Vu le 13 novembre 2012, au Gaumont Marignan, Salle 3, en VO

Note de Tootpadu:

Critique de Mulder

Cinq années après avoir marqué nos mémoires par un conte fantastique réussi (L'Orphelinat), Juan Antonio Bayona signe son second film dans un registre différent en adaptant une histoire vraie. Celle-ci raconte l’histoire vraie d’une famille prise dans une des plus grandes catastrophes naturelles asiatiques et qui a été séparée suite au tsunami du 26 décembre 2004. Séparés, ils vont devoir survivre à tout prix et tout tenter pour se retrouver.

Comme vous pouvez le voir, ce film a divisé notre rédaction. Son interprétation critique dépend du point de vue et du ressenti à la vision d’un tel drame. Loin d’utiliser des effets de style inutiles et surtout de réaliser tel un documentaire, caméra à l’épaule, ce film nous accapare dès la première minute et tel un grand huit nous fait passer de la tristesse à la rage de vivre d’une scène à l’autre. Filmer une catastrophe naturelle et savoir maintenir l’intérêt du spectateur durant pratiquement deux petites heures n’est pas chose facile. Le réalisateur, après avoir présenté sommairement cette famille anglaise (l’histoire vraie concerne une famille espagnole), composée d’un cadre supérieur Henry (excellent Ewan McGregor, une fois de plus) et sa femme médecin, Maria, femme au foyer pour élever leurs enfants (sublime Naomi Watts) et de leurs trois enfants, nous montre ce tsunami destructeur et dont les images continuent encore à hanter notre subconscient. Le réalisateur est un humaniste et à fleur de peau nous livre un drame poignant où le mot "survivre" prend toute sa grandeur. En effet, dans un monde rendu apocalyptique montré à bon escient dans ce film, nous allons suivre dans un premier temps le parcours de Maria et de Lucas, le fils aîné, avant de suivre celui de Henry et des deux cadets Simon et Thomas. Cette construction en parallèle renforce le climat de terreur véritable, engendrée par cette terre hostile. Surtout, il montre une Thaïlande dévastée par un fléau naturel et un peuple chaleureux, capable d’aider son prochain. Nous sommes donc loin de cette mentalité française, où chacun ne se soucie que de ses propres intérêts. Cette vision de l’humanité renvoie ainsi à la vision du peuple américain, capable de s’entraider et à ne faire qu’un pour affronter, comme ce fut le cas récemment à New York, les suites d’un ouragan terrible.
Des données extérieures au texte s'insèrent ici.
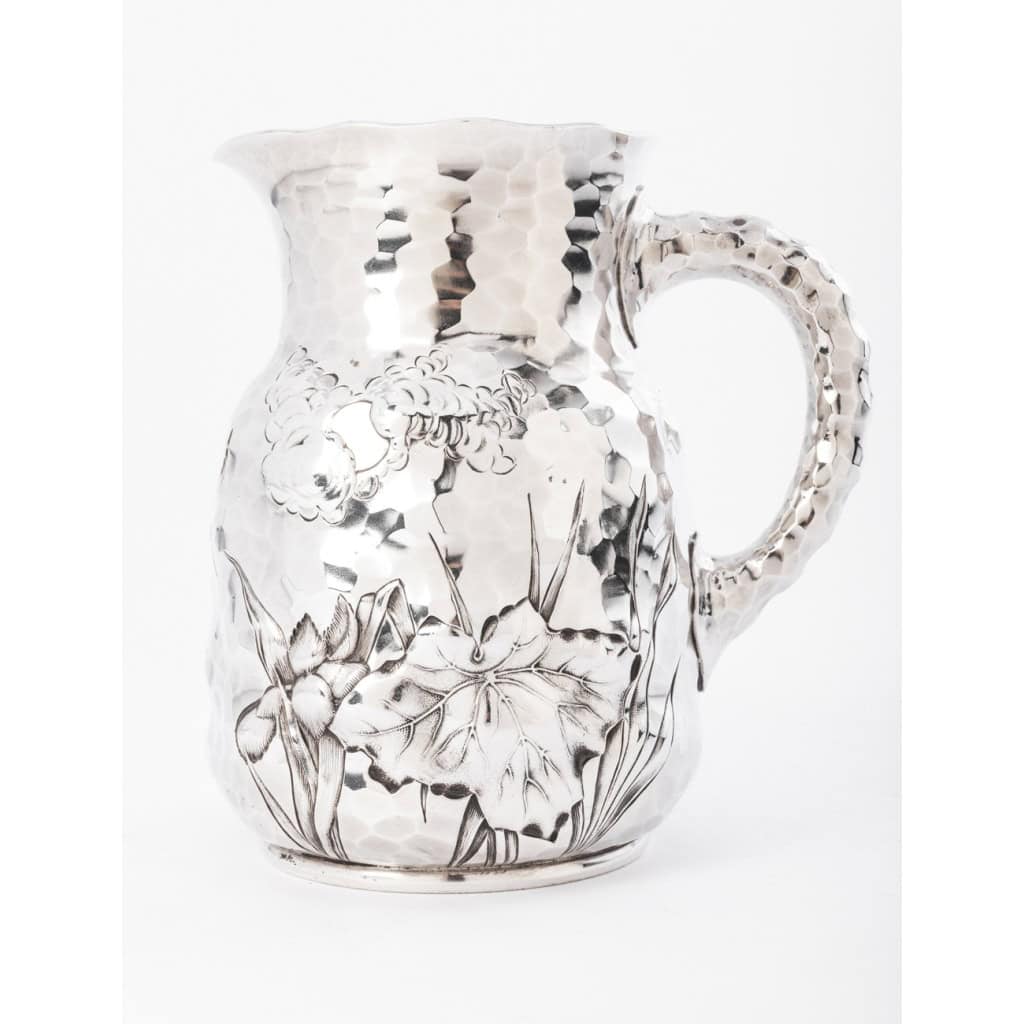 Goldsmith JE CALDWELL – Hammered solid silver pitcher 4th century XNUMX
La réussite d’un tel film repose sur un scénario solide. Sergio G. Sánchez continue donc à signer celui-ci comme ce fut le cas pour le film précédent de Juan Antonio Bayona. Ce lien fort entre un scénariste et son réalisateur renforce le côté universel et humain de cette œuvre. Certes, le fait d’avoir recouru à des acteurs anglais et non espagnols témoigne d’une volonté de faire de ce film un « blockbuster espagnol » tout en surfant sur le mode des films dont Titanic est le fer de lance.

Reste que ce film est un film à découvrir d’urgence et mérite d’être sélectionné pour les prochains Oscars. Non seulement le public espagnol ne s’est pas trompé en lui offrant un accueil triomphal, mais surtout la critique espagnole encense ce film judicieusement, même si à le regarder de plus près, il se rattache plus au cinéma britannique (choix de la langue du film, du casting principal) que hispanique. Rarement aussi un film ne m’avait autant affecté et ému, surtout par la présence de Naomi Watts, qui irradie chaque minute de ce film. On notera enfin la découverte d’un jeune acteur dont on devrait entendre de nouveau parler. Tom Holland (non pas le réalisateur de Vampires vous avez dit vampires) fait des débuts très remarqués et se permet quelques répliques fortes auprès de Naomi Watts.

Enfin, certains pourront remarquer que ce film pousse un peu trop les effets de la corde sensible, voire utilise l’émotion du spectateur de façon très manipulatrice, voire exploite un fait divers marquant et que ceux qui l’ont vécu ne pourront jamais oublier, mais c’est le propre du vrai cinéma de nous divertir, de nous faire ressentir des choses et de garder un message clair, précis et véritable. C’est en cela que ce film est une des réussites de l’année 2012. Nous attendons donc avec grande impatience le prochain film de Juan Antonio Bayona.